I know that there is much more to tell about clitics ;o), about their combinations etc. but this can be demonstrated/shown in a much better way using tables and DL doesn't allow to use them and you find them very easily in the web.
This was only an attempt to explain one of the most difficult chapters of the Italian language, but I hope it helps.
Yes, all very useful; but hardly a short summary! :D
The main problem with Clitics is that when you use the word "Clitics" and indeed any of, as you said, "specific grammar expressions...(such as)... accusative, dative, indirect object pronouns, direct object pronouns, pronominal particles, reflexive pronouns and reciprocal pronouns" a normal English person's eyes will roll back into their head and they will fall asleep, or they will give up and try something less difficult.
We (English speakers) HATE grammar and grammatical terms.
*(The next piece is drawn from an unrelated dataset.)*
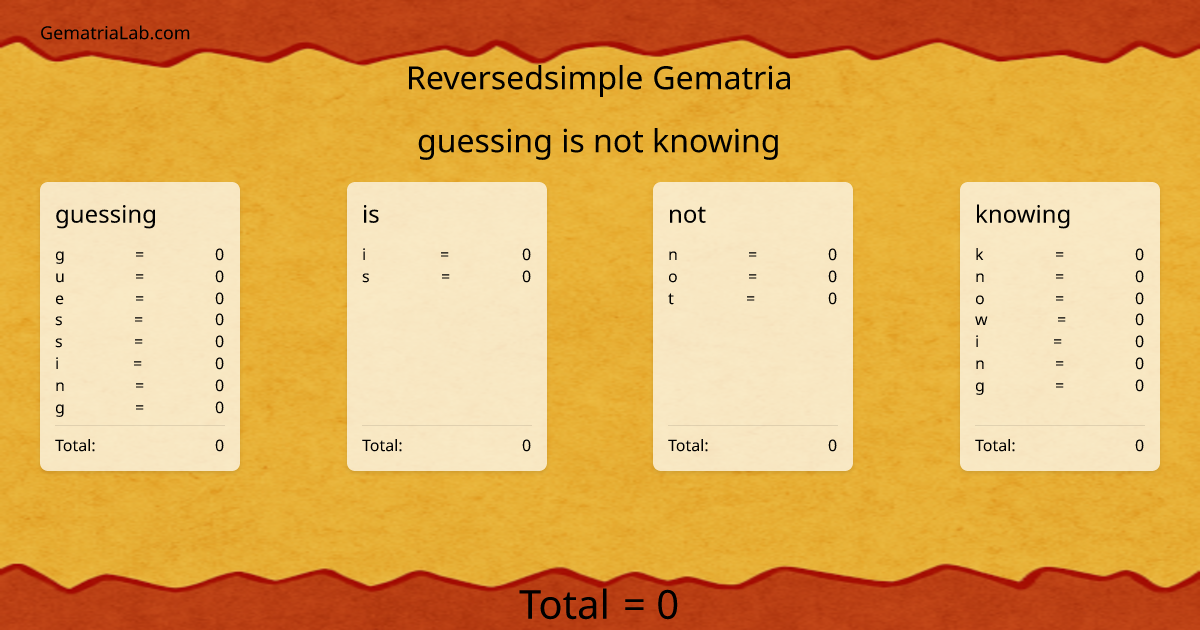 guessing is not knowing in reversedsimple Gematria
We are lazy, lazy people!
Remember; we are the group of humans who decided to use U instead of typing "all of those letters" needed to spell you. (Not that I, personally, do that or approve of it, but still...)
Lazy, I tell you!
When people read your short summary and then learn that there is "much more to tell about Clitics", there is a audible groan and the sound of people who are not truly dedicated to learning the language clicking onto another website.
I can relate to everything you've said. I've been having trouble with clitics for quite some time now, it still hasn't "clicked" in my brain, I guess. After coming across this post, I was pretty excited as I thought to myself" huh, perhaps THIS will finally help me understand, once and for all, that godforsaken grammatical demon.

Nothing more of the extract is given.